MATERIAL PROVIDED: Begin
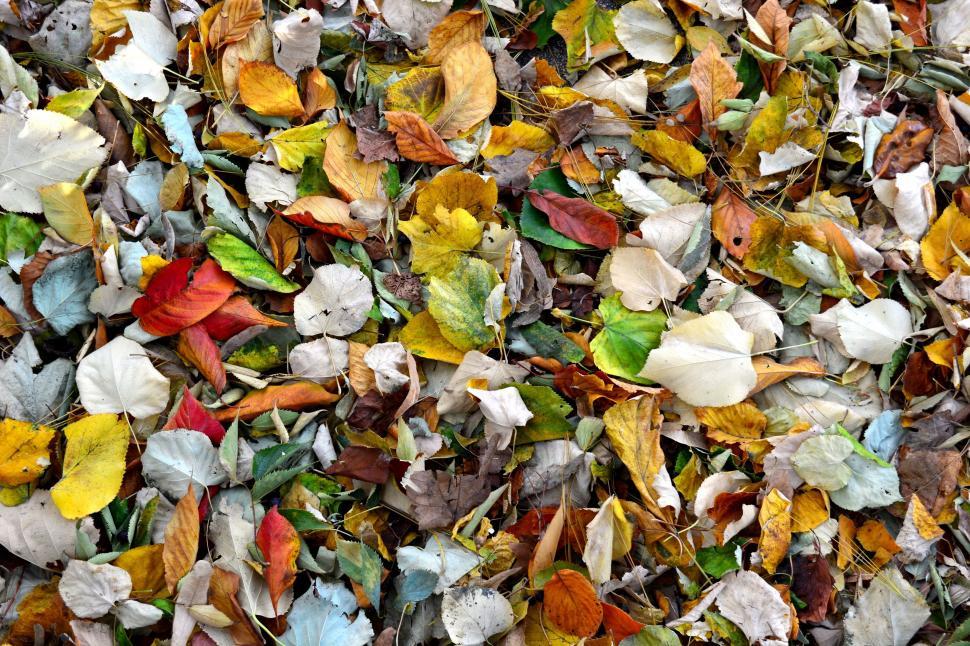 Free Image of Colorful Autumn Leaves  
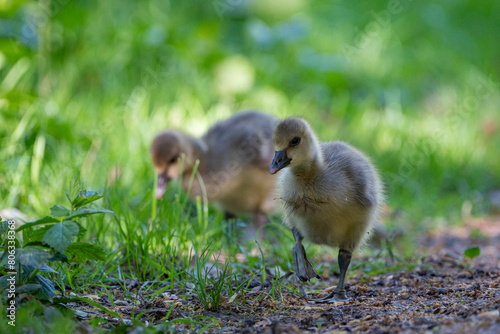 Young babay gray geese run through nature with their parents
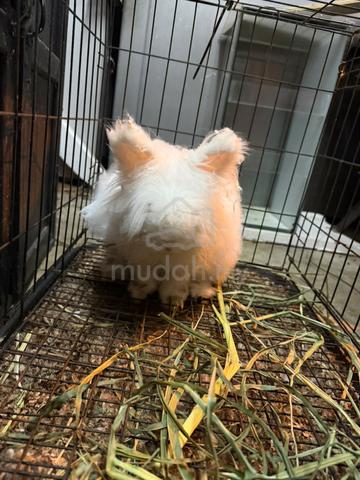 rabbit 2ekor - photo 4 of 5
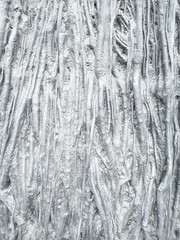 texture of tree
MATERIAL PROVIDED: End
MATERIAL PROVIDED: Begin
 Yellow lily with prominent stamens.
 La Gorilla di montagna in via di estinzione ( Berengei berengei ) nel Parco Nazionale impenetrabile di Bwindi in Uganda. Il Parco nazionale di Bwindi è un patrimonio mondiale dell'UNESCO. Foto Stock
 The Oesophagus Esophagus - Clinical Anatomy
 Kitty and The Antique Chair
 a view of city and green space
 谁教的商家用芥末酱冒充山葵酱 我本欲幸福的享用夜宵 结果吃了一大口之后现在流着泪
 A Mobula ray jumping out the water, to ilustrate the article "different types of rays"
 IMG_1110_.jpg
MATERIAL PROVIDED: End
MATERIAL PROVIDED: Begin
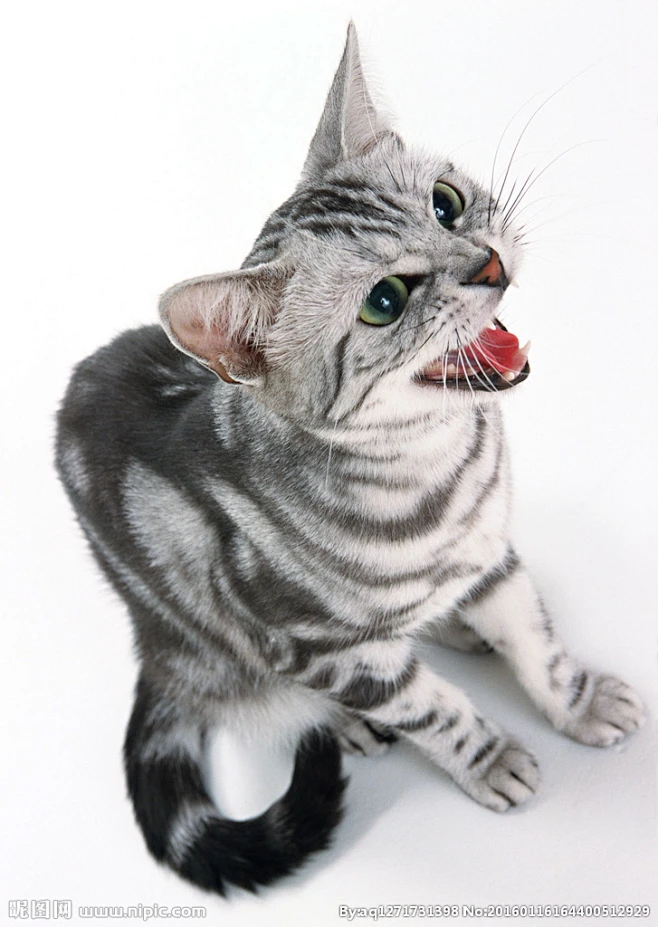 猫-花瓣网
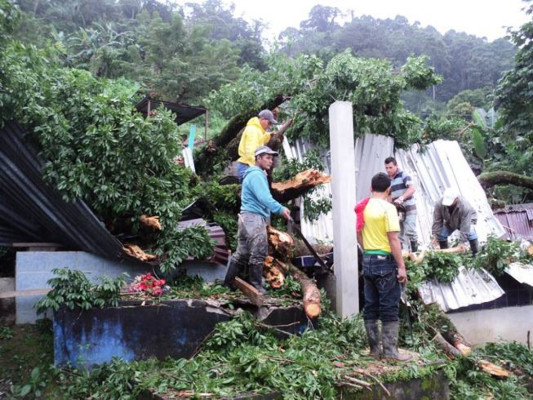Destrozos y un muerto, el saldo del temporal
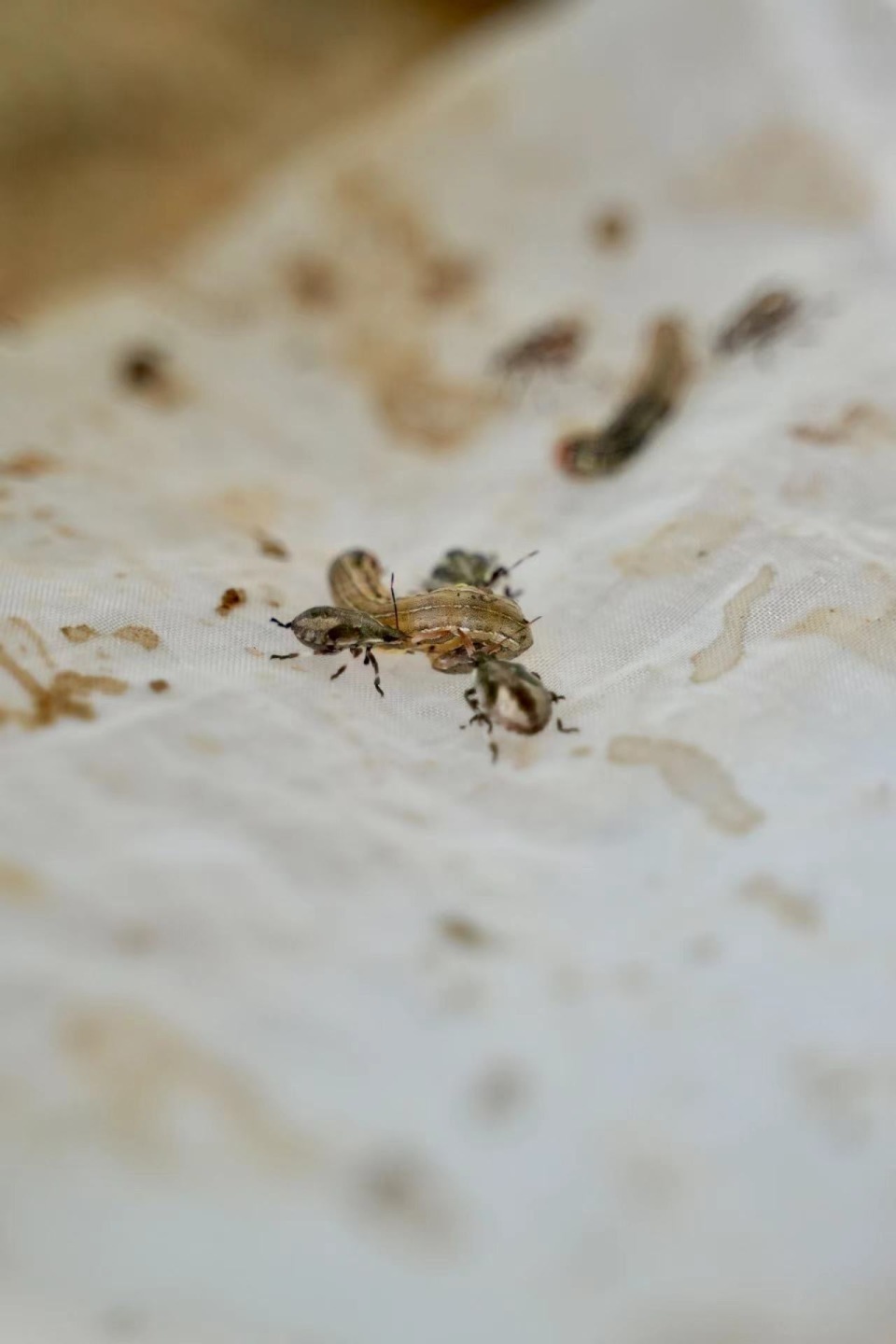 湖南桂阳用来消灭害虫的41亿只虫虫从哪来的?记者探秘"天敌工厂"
MATERIAL PROVIDED: End
# [HOW TO COMPLETE THIS TASK]
Copy exactly the stretch of data above from the line with "Kitty and The Antique Chair" through the line with "IMG_1110_.jpg", and omit all other lines.

# [RESULT OF THIS TASK]
 Kitty and The Antique Chair
 a view of city and green space
 谁教的商家用芥末酱冒充山葵酱 我本欲幸福的享用夜宵 结果吃了一大口之后现在流着泪
 A Mobula ray jumping out the water, to ilustrate the article "different types of rays"
 IMG_1110_.jpg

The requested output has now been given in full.